"L’Erika s’est cassé à la fatigue, à force de tensions et de contre-torsions du fait de la houle et de la contrainte exercée au centre de la coque par les soulèvements alternatifs de l’avant puis de l’arrière", telle était la conclusion donnée, lundi 16 avril, par Dominique Paulet, architecte naval, nommé comme expert par le premier juge d’instruction, Mme de Talancé. Il a été appelé à donner son avis sur les causes du naufrage de l’Erika aux côtés du commandant Clouet, ingénieur de l’École navale, d’Hervé Chéneau et de Lucien Bekourian, ancien officier au long cours, possédant une spécialité dans le nettoyage des cuves.
L’architecte naval a signalé un certain nombre d’éléments qui, de son point de vue, ont pu affaiblir la résistance du navire. Le "flambage" sur le pont constaté par des membres de l’équipage aurait ainsi pu être provoqué par la compression exercée sur des lisses de pont qui n’étaient plus soudées au bordé de pont du fait de joints de soudures corrodés à 45 %, comme il a été observé lors de la visite préalable à Bijela, en février 1998.
Le navire aurait par ailleurs été affaibli par le remplacement, dans les parties hautes de la cloison longitudinale de la citerne centrale, de tôles de 13 mm d’épaisseur, par des tôles de 10 mm, sur 22 m2et le remplacement de tôles 16 mm par des tôles de 12 mm sur 19 m2 du pont, tandis qu’une lisse sur deux seulement était remplacée. Ces zones perdant 25 % d’épaisseur avaient une résistance à la compression diminuée de 58 % et le module de flexion était diminué de 17 %.
Ces corrosions aggravées, cette faiblesse du pont en font un navire très en dessous de sa classe après Bijela. Il s’agissait d’un navire en fin de cycle d’exploitation avec de forts risques de défaillance structurelle et de corrosion. Le refus de la compagnie BP lors de son contrôle effectué à Augusta le 23 novembre 1999 d’accorder son feu vert à l’Erika met en évidence en tranche 2 un mauvais état des tôles de carreau et des défauts d’étanchéité des tapes de nettoyage, estime le commandant Clouet.
L’insuffisance de remplissage des soutes au départ de Dunkerque aurait par ailleurs obligé le navire à garder 3 000 t de ballast pour rester droit, ce qui aurait eu une incidence sur la gestion de la sécurité. L’insuffisance des soutes moteur aurait poussé le navire à faire route au mieux.
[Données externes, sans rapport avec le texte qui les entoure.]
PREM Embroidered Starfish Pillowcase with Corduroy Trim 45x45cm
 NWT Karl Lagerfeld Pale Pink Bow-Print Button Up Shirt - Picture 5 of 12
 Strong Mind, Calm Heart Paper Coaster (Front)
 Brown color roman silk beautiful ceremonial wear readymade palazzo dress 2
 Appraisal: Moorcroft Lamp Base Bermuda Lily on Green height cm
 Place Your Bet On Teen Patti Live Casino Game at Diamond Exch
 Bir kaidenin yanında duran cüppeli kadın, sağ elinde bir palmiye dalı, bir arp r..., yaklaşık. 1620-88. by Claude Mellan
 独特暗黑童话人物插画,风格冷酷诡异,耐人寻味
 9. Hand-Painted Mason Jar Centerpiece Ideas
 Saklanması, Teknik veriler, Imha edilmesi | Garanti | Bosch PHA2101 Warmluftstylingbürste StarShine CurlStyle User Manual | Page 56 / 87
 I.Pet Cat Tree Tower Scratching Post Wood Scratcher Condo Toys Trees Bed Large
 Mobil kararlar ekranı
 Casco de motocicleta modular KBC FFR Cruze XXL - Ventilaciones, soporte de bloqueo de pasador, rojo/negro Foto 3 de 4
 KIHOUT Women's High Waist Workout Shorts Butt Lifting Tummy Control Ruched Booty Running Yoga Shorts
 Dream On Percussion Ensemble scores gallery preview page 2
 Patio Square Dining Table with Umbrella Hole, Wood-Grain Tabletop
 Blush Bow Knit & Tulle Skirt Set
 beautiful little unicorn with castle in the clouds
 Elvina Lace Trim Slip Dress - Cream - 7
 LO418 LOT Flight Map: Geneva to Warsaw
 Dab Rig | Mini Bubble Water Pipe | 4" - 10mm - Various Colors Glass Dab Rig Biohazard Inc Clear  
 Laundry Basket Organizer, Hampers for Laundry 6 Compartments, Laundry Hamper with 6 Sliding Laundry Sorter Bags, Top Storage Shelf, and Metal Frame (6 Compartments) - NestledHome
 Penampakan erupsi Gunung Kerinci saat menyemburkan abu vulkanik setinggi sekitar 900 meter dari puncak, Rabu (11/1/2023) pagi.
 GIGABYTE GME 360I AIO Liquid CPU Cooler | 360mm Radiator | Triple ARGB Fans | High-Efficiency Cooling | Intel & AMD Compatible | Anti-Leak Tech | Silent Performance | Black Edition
Pour les quatre experts, la cassure du navire s’amorce sur le pont par flexion dans la zone de plus grande faiblesse. Elle progresse ultérieurement aux bordés hauts et à leurs structures adjacentes. Au-delà, la destruction s’opère par torsion et la cassure se termine aux fonds.
Au président du tribunal qui lui demande quelle est la cause du naufrage du navire, le commandant Clouet répond que "l’Erika a cédé par le fond. Ce n’est pas par l’eau qu’il aurait absorbée par les fissures du pont qu’il a pu casser, puisque ses citernes étaient pleines".